Plus putting bigger carbs on saws is not possible or easy. Thats why I encourged boring carbs(I gave you all the specs),they are all afraid of the little mysteries and curses of carbs, bigger,but no one listens to me.Sad fact is almost no one knows how they really work,yet so simple.
Your cyl. has great race ports,but the next thing I came against was then the carbs could never be stable at high speed. Many companies tried to make hot 2-strokes in sleds.bikes etc. But almost all models "Lean-siezed" And none of them ever figured it out.
Your work is good,but your great intake port isn't gonna be satisfied by a tiny stock 16mm carb venturi.
I would use a smaller intake port for engine life,but bore the carb- more air and fuel,more power.
Virtually all diaphragm carbs lean out on a hot 2-stroke, it was the "lean-sieze"problem they (Yamaha,Mc- Culloch etc.) could never solve.
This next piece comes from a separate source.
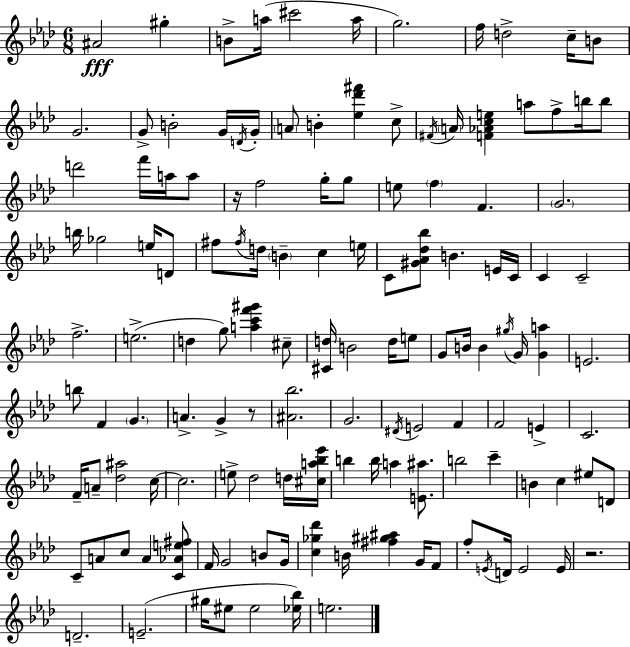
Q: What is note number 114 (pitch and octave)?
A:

Then Mikuni float carbs were perfect,and still are now. I thought of putting a Mikuni on my 090 hotsaw,but too big for saws, physically and keep in the rules.
I did try nitro-methanol but can't recommend it.
I'm not sure of your port timing,only give it to me in total duration per port.
 
Nice port work,but the intake port is way too big to survive any but short races.What size carb do you use,that's what matters,even in work saws.

Sorry Mike, but alot of what you say is wrong. I dont want to get into an argument and what works for you, good, but works for me, brilliant.
The inlet isnt big actually. I dont open them up as such. I just flair them out at the cylinder. I dont do races hence the mild numbers. I go for torque which this saw has plenty of. It wont stall in the cut. Australian hardwood. ”Race ports”? Really? No they are not. I go for velocity. Im not about big ports. Like i said previously, dont enlarge unless its the exhaust. Just like the inlet, i dont enlarge the transfers. They are only cleaned up, angled and raised. The flywheel side trans need a little opening on the outer wall to match the opposite side.
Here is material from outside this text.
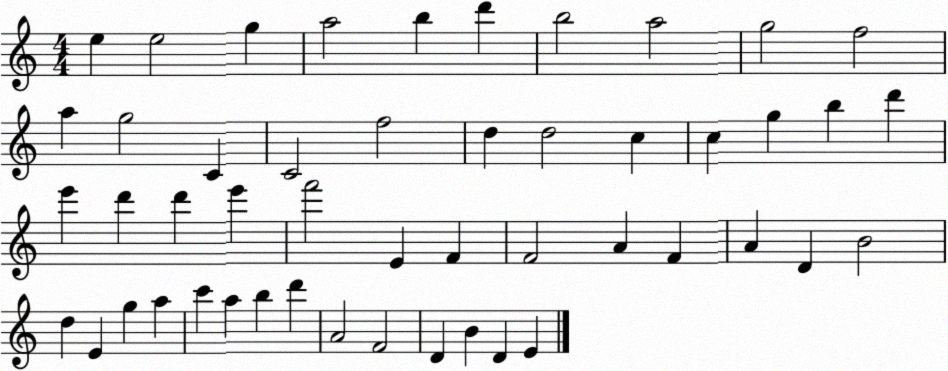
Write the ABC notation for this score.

Some of us have been quite aware of ‘carb size’. Not having fitted a larger carb doesnt come down to being skeered! I have bored the OEM carb. I ended up with a pinhole leak which i sealed with nail polish.

Mike, your post reads like you know all and everyone else is stupid. I dont claim to be the porter that ends all. I have had great success in building my 371/2’s into very torquey strong work saws with the aftermarket big bore kits in our very hard hardwood.

Regards.

 
Sorry if I seem like such an assh==le,but I'm just getting really old and not internet savy. I've been into 2-stroke mods since 1972 so I've seen a lot. I just get frustrated seeing people perpetuating old myths or trying to suck people in to doing mods for them. I've never asked a penny from anyone here.
But I did help a Auzzie to build a great hotsaw there. You wanna run him?
Fact is my opinions are free(despite how demeaning I unintentionally sound),and honest to the best of abilities. I do get angry about certain old perpetuated myths. For every post I make there is someone who contradicts it,I guess that's the way it is. Not in real life has anyone told me I'm crazy or wrong.
Sorry if I offended anyone.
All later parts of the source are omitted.